On to the game. The public access television station that funds Wayne's World is out of funds. It's up to Wayne and Garth to raise $50,000 to keep their show on the air. They decide to hold a Pizza-thon fund-raiser thing. The first half of the game revolves around the preparations for the fund-raiser event. This part of the game is actually pretty fun, and some of the puzzles are quite ingenious. Considering the subject matter, the puzzles are somewhat devious. I was expecting a dumbed-down adventure, so the high difficulty level surprised me. OK, once you've successfully completed all of the pre-fund-raiser quests, a cut-scene kicks in and you get to enjoy the fruits of your labor. During this cut-scene, things don't go so well for Wayne and Garth. An evil corporation (dun dun daaaaaa) called D. R. A. G. (Decency Referendum Against Grossness) interferes. This corporation intercepts the telecast and broadcasts material that brainwashes the people who were watching the fund-raiser. To make matters worse, Cassandra gets babe-napped! Cassandra is the Rock-n-Roll babe that Wayne is in lust with. One of the pre-fund-raiser puzzles is convincing her to perform at your event. Anyway, now you've got to find her (she will be mine, oh yes). Searching for Cassandra is also pretty fun. Unfortunately, you find out that Cassandra has been taken to a, um, to a, I almost can't say it, she's been taken to a …… sewer. That's right; the entire last quarter of the game takes place in a sewer maze.
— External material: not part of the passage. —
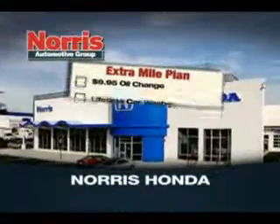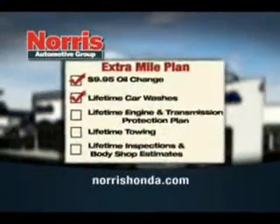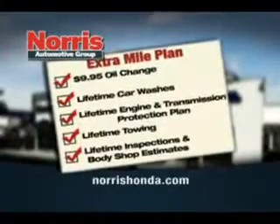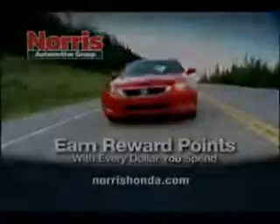Come into Norris Honda today and find out how you can get $995 oil changes, lifetime car washes, lifetime engine and transmission protection, and more. Plus you can earn reward points with every dollar you spend.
This sewer maze is just plain nasty. It's too difficult to explain why it's frustrating, so I'll just not even try. If you hate mazes, this will destroy the experience for you. It almost ruined the game for me. I actually started to put everything back in the box, but I can't stand to give up, after coming so far. Through sheer patience, I managed to finally beat that maze. It's really too bad that the designers relied on the “maze at the end of the game to lengthen the gameplay” trick. The puzzles that are contained in the sewer maze are actually quite cool. There's this one fun puzzle where you have to decipher the ramblings of a guard who is talking in his sleep, in order to learn the combination to a safe that's located in a different part of the sewer. There are several other fun puzzles in this section of the game, but they're contained in a darned maze! Darn it.
Oh, I almost forgot; you have the choice of controlling either Wayne or Garth at any time throughout the game. You can swap inventory items between the two, and some actions are unique to each character. This aspect was not fully developed (when compared to a game like Day of the Tentacle), but it was a nice surprise. If the game included voice acting, and if it excluded the sewer maze, I'd recommend it to anyone with a sensitive funny bone. As it is, I think this game is only for patient, Wayne's World fans – an unlikely combo.
Let's see, 45 “monkeys just flew out of my butt”, so the Sap-O-Meter registers only 55 “schwings” out of 100.